Meanwhile, the equity market reacted to the CBN announcement with the All-Share Index (ASI) of the Nigerian Exchange Group (NGX) closing in the negative territory yesterday. ASI closed at 100,487.12 points Tuesday as against 100,568.60 points on Monday. The market capitalisation closed at N56.898 trillion on Tuesday compared to N56.945 trillion on Monday amounting a loss of N46.7 billion in the value of listed equities or a decline by 0.08 percent in equity value.

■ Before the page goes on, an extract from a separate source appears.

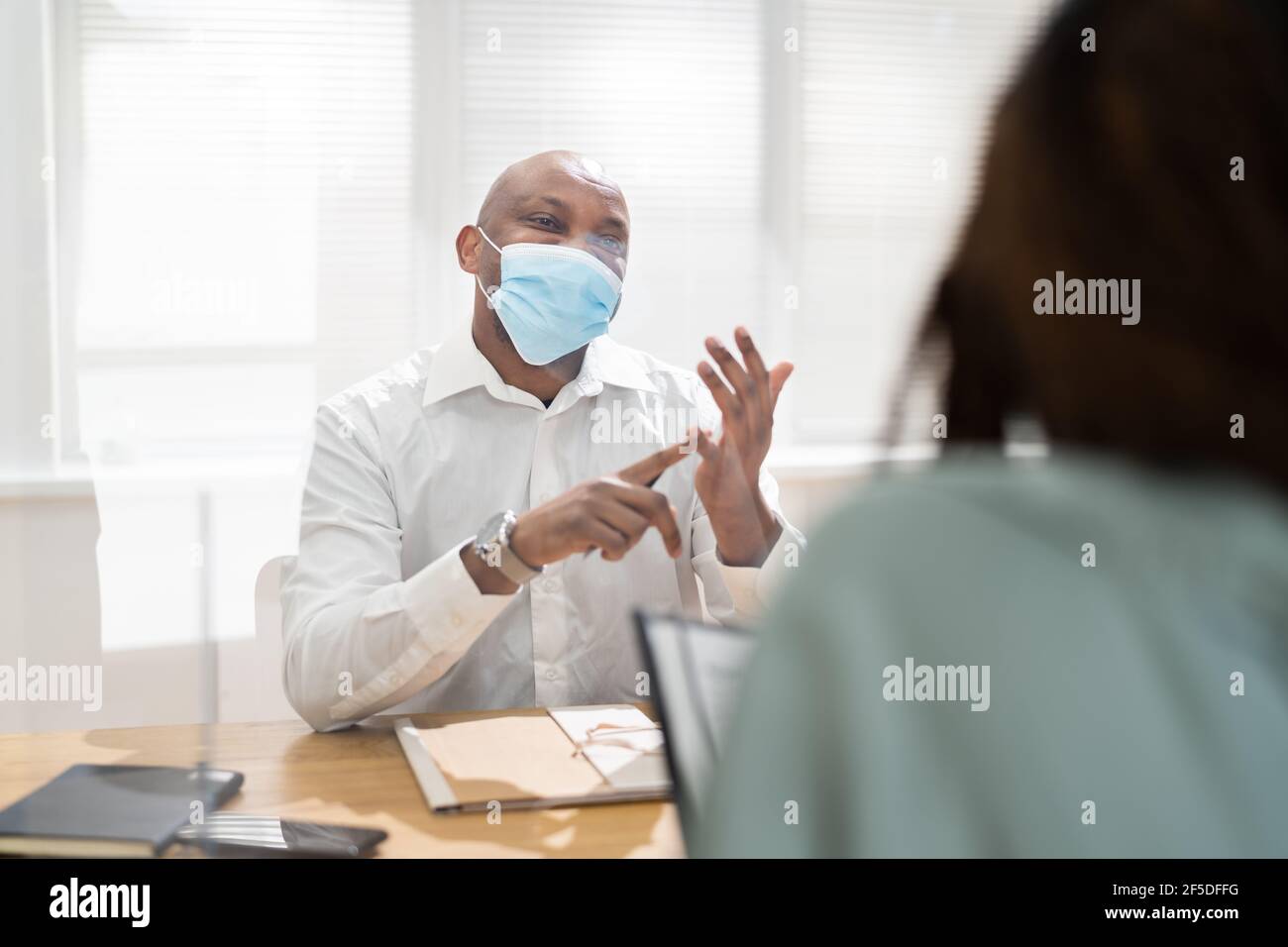 Job Interview Business Meeting At Law Office Wearing Face Mask Stock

In a similar development, the CBN will today auction three fixed income instruments at the Primary Market Auction. The first instrument is the 91-day treasury bills with an offer size worth N16.48 billion. Advised rates range from 16 percent to 16.90 percent. The second instrument is the 182-day treasury bills worth N6.44 billion with advised rates ranging from 17.20 percent to 17.80 percent. The third instrument is the 364-day treasury bills worth N255.04 billion with advised rates ranging from 19.50 percent to 21.90 percent.

“At the most recent Primary Market Auction (PMA), the CBN offered a total of NGN166.11bn across three instruments. This represents a 27.10% decrease from the NGN228.71bn offered at the previous auction but is still 3.75 times higher than the amount offered two auctions ago,” Meristem Securities said in a note to investors.